The Whitney Biennial was curated to showcase the lesser known and the up and coming. It was, coincidentally, awful. There were several exceptions to this rule. Along with a pants poopingly good film by Omer Fast, there was a great series of sculptures by Walead Beshty. Like a glove over an aquarium, multiple Fed Ex boxes were fitted over glass cubes, which were then shipped to the Whitney. The cracking, splintering, and subsequent buckling of the glass cubes chronicled their trek through the shipping system. I feel that these were likely chosen for material reasons. The simplicity and relatively cheap/simple construction of the work played into the idea of new artworks, as if the curator wanted to be positive that those who visited the Whitney knew exactly what they were looking at.

Ten Collage Don'ts and Three Collage Do's! (Day 3)

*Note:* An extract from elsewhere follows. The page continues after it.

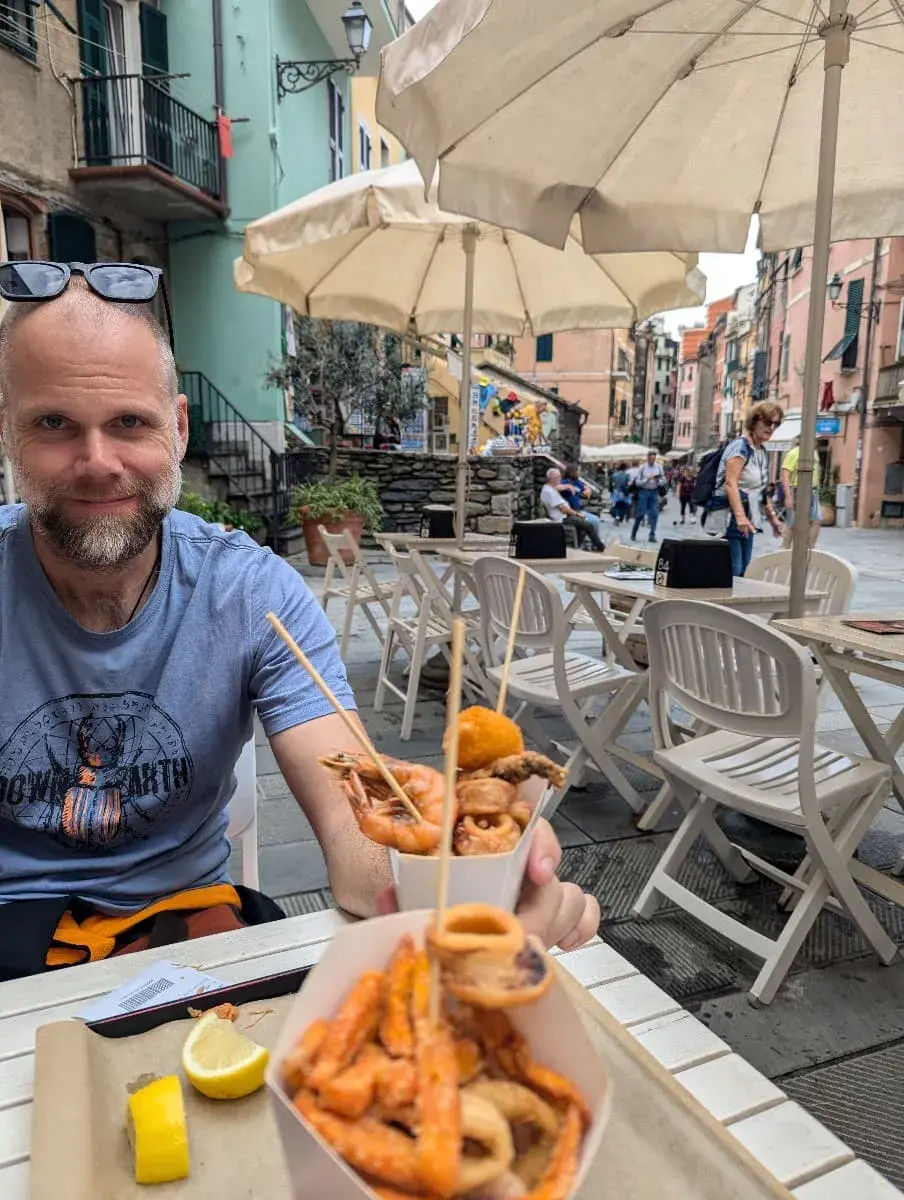 Jan sitzt in einem Straßencafé in Riomaggiore und hält eine Schale mit Fritto Misto, bestehend aus verschiedenen frittierten Meeresfrüchten. Im Hintergrund sind weitere Gäste und bunte Gebäude zu sehen.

Chelsea is so hip that even the buildings have gradients applied to them. Chelsea? More like Chelsea 2.0.

Marcel Dzama

If I had the same first name as Ducamp I’d probably make some referential artwork as well. Though I might make it a little more in line with the other work I was showing in the same room. Dzama, who is clearly diorama crazy, went with a series of found objects over his typically fabricated ones to use behind his peepholed door. I thought this was a strange choice, and I have to wonder if it would have been stronger were it a re-interpretation of Duchamp’s piece using the language Dzama has already developed. Beyond this though I would have to say that I liked the piece. I’m not sure of the level of intention behind it, but the wood adjacent to the peephole was stained with what I assumed was disgusting face grease. Fearing acne this made me very careful not to put my eye right up against the door. The idea of this door being a shared experience, one where the imprint of the viewers leaves a physical imprint on the piece is... nice.

Installations

I was genuinely surprised by the amount of installation work in Chelsea. This being very much the opposite of what I would have expected inside of a gallery. Both of these pieces were clearly constructed for the site (or at the very least adapted for the site).



This one is hilarious.

Brian Jungen
I think what Jungen had on display in Chelsea, the football jerseys woven into Native American Blankets, was great conceptually. Unfortunately they were very similar to his well known masks made from appropriated Air Jordans. Even his whale skeleton constructed of plastic lawn chairs. I think the problem I’m having is that he has managed to make such visually arresting objects, which are, at the same time rock solid conceptually. Not really a problem, but when he makes something with the same concept, that he has used in previous work, but which is now stronger than the physical execution of a piece... is misleading? Maybe the pieces are strong in a different way, his understating of the physical in the work contributing to something. Or maybe I am just not a huge blanket fan.

DiVa Containers

The DiVa containers were a series of cargo containers that were supposed to be showcasing “new media art,” whatever the hell that is. Judging from most of the work shown it just means video on an LCD screen. Which I don’t have a problem with. It’s just that I’m not sure if I would classify this as “new media”. For that matter I would prefer not to classify anything as “new media”. I thought the whole categorizing fad had finally blown over.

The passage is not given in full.